Now they’re released their 15th studio album, 2120 South Michigan Avenue, which was the address of Chess Records. I recently had a chance to talk to George about the beginnings of his career and his roots in the Brandywine Valley, just south of Philadelphia.

George, I’m talking to you from Chadds Ford, PA, just up highway 202 from Wilmington. Do you ever go back to Wilmington?

I used to play sets at the Chadds Ford Tavern, where they would pass the hat… I used to do pretty well.

 I mention Wilmington because I’d like to take you back to some of your early experiences with music. You have a lot in common with Eric Clapton, and I’m wondering if you ever had an experience like the one Eric describes in his autobiography. He says that one day when he was listening to a Robert Johnson record that building on Robert Johnson’s legacy would be his life’s work? Did you ever have an experience like that when you were listening to the radio or listening to a record in Wilmington?

I had it in mind when I was a teenager… I was listening to music and all of a sudden I said “I want to be a guitar player.”  Then I saw John Hammond in Greenwich Village… The thing is, he was successful doing something that wasn’t huge, like Led Zeppelin was at the time. But he was successful doing it.

Did you ever have friends who said something like, ‘You gotta listen to this guy with the funny name--Muddy Waters?

No, I would say that I just drifted into it. I remember [tv variety show] Shindig... in...1965.  I was listening to The Rolling Stones and they came out and said that these were their idols.  It was like delta music with electric guitars. So I thought, “I gotta pay attention to Muddy Waters.”

Speaking of great blues artists, you know that somebody recently discovered a new photograph of Robert Johnson.

I don’t care about that. You’re not supposed to know what Robert Johnson looks like.  I talked to Robert Lockwood, who had known him. He met a guy who was an artist, one of those guys that the police use to draw sketches of criminals. And he wanted Lockwood to help him make a sketch of Robert Johnson. But Lockwood refused to do it, and I thought that was cool. It doesn’t matter what Robert Johnson looked like.

Did you listen to WMMR in Philadelphia?

No, I stopped listening to the radio in 1967 or 68.

So when you were listening to music, it was on records or live in clubs?

Yeah.

You’ve opened for Howlin’ Wolf, who was born in West Point, MS, right on the edge of the delta. I like to say that Howlin’ Wolf is sort of a test for white people. If white people can appreciate the power and drive of Howlin’ Wolf, then they can appreciate the blues.

Muddy Water said one time that if it weren't for the blues, there wouldn’t be a Muddy Waters. And if there wasn’t a Howlin Wolf, there wouldn’t be a blues.

The other day I listened to your version of “Who Do You Love” and then I listened to Bo Diddley’s version, and I noticed that you play it a lot faster than he does. Is that difference just the difference between two generations of guitar players?
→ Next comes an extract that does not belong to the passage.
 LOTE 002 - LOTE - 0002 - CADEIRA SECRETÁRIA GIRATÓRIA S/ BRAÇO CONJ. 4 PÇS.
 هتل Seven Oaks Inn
It’s a faster generation now. Everything is faster now. If you watch a movie like The Matrix and then watch something like The Grapes of Wrath  you notice that The Matrix is a lot faster. Everything is faster.

You use the address of Chess Records in Chicago as the title for your new album, How would you sum up the meaning of fifties music for the twenty-first century?

The big thing was that when rock and roll hit, it was the first statement for young people. Prior to that, if you were under 18, you were an afterthought. What Chuck Berry had an eye for was the teenage market, so he wrote lyrics that had something to do with kids. And then Brian Wilson and Bob Dylan did that. They took a cue from Chuck Berry. 

So what does the future hold for George Thorogood and the Destroyers? Are you going to make another record? Are you going to be touring?

I’d like to have a return engagement in Chadds Ford!